**REQUIRED WORK:** Write the data out again exactly, dropping any images it holds.

(LISTED ENTRIES begins)

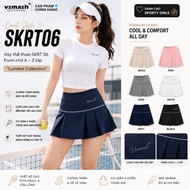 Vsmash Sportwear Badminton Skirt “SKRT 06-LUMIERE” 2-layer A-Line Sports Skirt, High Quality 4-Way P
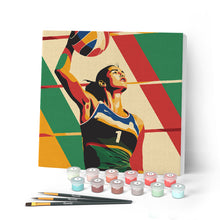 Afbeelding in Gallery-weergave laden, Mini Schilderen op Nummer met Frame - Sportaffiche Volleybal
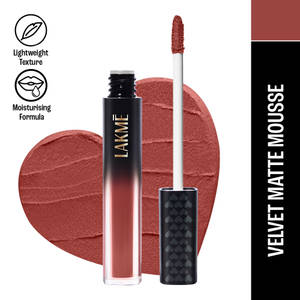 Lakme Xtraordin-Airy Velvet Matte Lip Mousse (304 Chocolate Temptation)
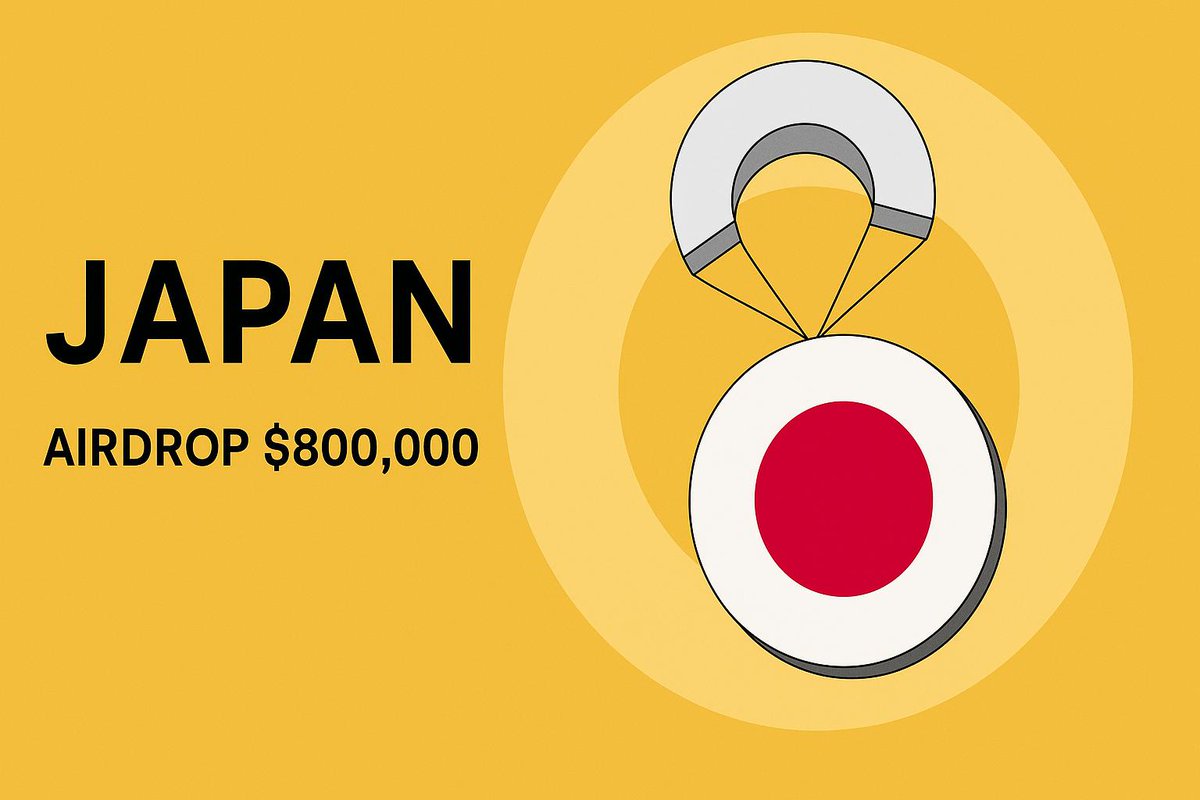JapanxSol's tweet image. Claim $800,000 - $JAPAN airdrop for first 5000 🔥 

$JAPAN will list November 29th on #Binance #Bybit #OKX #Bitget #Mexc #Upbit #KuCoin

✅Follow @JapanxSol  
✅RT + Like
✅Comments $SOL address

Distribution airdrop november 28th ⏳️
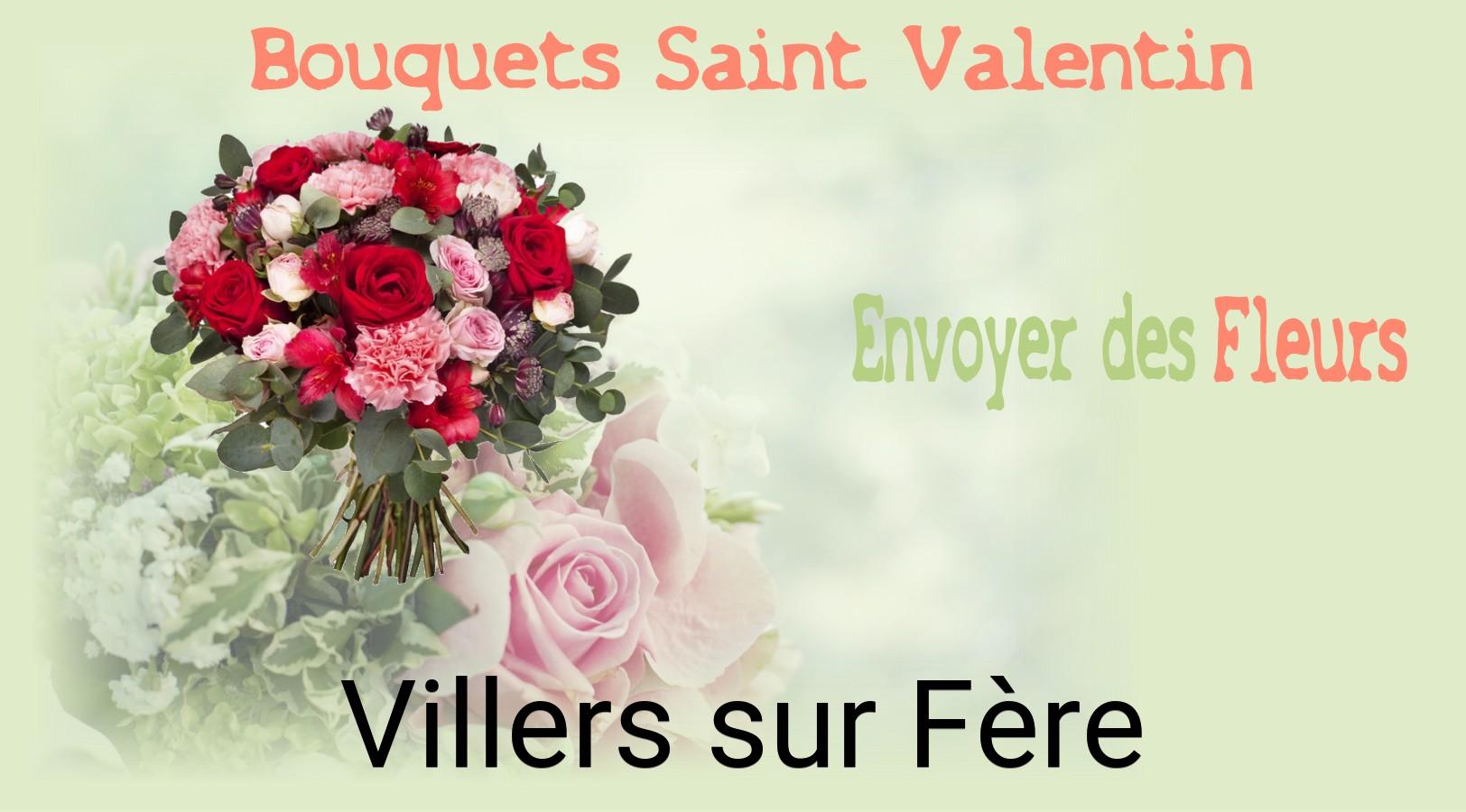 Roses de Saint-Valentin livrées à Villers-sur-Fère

(LISTED ENTRIES ends)

**RESPONSE BOX:**
 Vsmash Sportwear Badminton Skirt “SKRT 06-LUMIERE” 2-layer A-Line Sports Skirt, High Quality 4-Way P
 Afbeelding in Gallery-weergave laden, Mini Schilderen op Nummer met Frame - Sportaffiche Volleybal
 Lakme Xtraordin-Airy Velvet Matte Lip Mousse (304 Chocolate Temptation)
JapanxSol's tweet image. Claim $800,000 - $JAPAN airdrop for first 5000 🔥 

$JAPAN will list November 29th on #Binance #Bybit #OKX #Bitget #Mexc #Upbit #KuCoin

✅Follow @JapanxSol  
✅RT + Like
✅Comments $SOL address

Distribution airdrop november 28th ⏳️
 Roses de Saint-Valentin livrées à Villers-sur-Fère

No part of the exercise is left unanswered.